Essentially, I was at a loss. I fell off track and wasn’t 100 percent sure how to get back on it. Of course, transferring to another school was key. But by the time I had decided to leave Rider, the application deadlines for the schools I had my eye on had passed. As a result, I ended up taking a semester off.
In that time, I was anxiously awaiting transfer acceptance letters with little change of who they would be from. Montclair State ended up being the one that stuck and I was officially enrolled as a student for the spring semester of 2014, which began a nearly a week after my 20th birthday.
It was that fact, right there, that really freaked me out.
I would later learn that I wasn’t, but at the time, I felt SO behind. Although I shouldn’t have done so, I started comparing myself to my high school colleagues. The ones that had gone to some sort of university were by then settled, comfortable, and most importantly, halfway through their sophomore year of college. And here I was, feeling like I was starting from scratch in a lot of ways.
Even though I changed schools, the path to graduation is more or less the same. I read and reread the policies of course requirements for how it works at Montclair State so that I would get on track and graduate as quick as I can to not waste any more time.
I should mention here that not all 30 credits I had completed in my first year had transferred, so making those up in addition to the ones I didn’t do during my semester off, set back the time I would get my diploma by a year, making me a member of the Class of 2017.
As the title of this article states, I don’t feel bad about taking five years instead of the highly expected four. Delaying my college completion for its various reasons was, as I now see it, a very good choice. I never gave it much thought, but it would have been really difficult, although still possible, to catch up. But to do it for the sake of saying I finished “on time” didn’t make any sense.

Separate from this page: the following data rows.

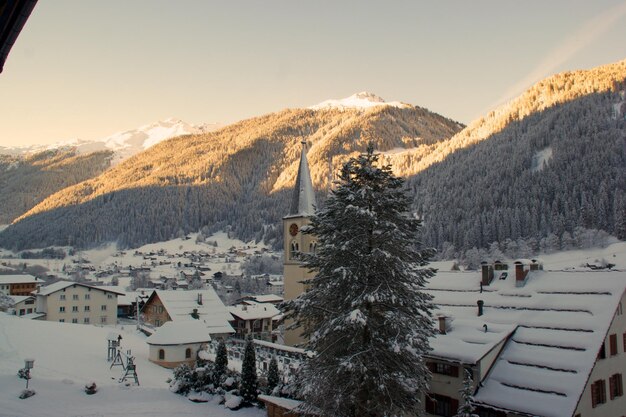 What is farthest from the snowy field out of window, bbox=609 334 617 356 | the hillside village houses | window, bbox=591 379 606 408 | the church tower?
window, bbox=609 334 617 356

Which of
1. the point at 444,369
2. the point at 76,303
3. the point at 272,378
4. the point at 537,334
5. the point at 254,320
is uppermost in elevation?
the point at 537,334

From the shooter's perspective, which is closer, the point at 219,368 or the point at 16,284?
the point at 219,368

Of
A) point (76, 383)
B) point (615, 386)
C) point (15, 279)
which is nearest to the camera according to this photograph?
point (615, 386)

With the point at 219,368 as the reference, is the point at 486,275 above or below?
above

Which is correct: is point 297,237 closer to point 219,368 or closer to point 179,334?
point 179,334

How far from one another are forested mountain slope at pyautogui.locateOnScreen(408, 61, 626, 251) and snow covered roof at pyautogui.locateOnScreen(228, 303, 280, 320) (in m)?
81.4

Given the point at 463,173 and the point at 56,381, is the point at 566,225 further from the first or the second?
the point at 56,381

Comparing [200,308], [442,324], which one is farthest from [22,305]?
[442,324]

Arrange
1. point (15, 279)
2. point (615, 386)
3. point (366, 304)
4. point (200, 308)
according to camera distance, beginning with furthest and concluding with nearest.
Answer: point (15, 279), point (200, 308), point (615, 386), point (366, 304)

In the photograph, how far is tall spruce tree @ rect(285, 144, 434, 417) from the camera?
16.2 m

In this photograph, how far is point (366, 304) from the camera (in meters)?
16.8

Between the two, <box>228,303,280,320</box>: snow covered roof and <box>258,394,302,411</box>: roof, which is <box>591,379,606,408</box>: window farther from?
<box>228,303,280,320</box>: snow covered roof

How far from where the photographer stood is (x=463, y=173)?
182 meters

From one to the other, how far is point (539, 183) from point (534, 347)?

I also don’t regret ever attending Rider, since one could argue that the reason for all this was because of my time there. As I said before, I learned a lot, some of which I could probably never have learned had I come straight to Montclair State after high school.
Everything that I felt and thought back when I first enrolled here is no more. I’ve grown to learn that there’s a really good chance I wouldn’t have gone through the things I did and met the people I met, had I not gone through this.
I may not have learned basic yet useful ASL. I might not have learned what anthropology is and how it works. I may not have even met my two best friends on campus because I wouldn’t have taken the class I met them in.
Most notably, I would not ever have written this and be so open about sharing my story.
Timing is EVERYTHING. And if the past half decade of my life hasn’t taught me that, I can’t think of anything else that ever will.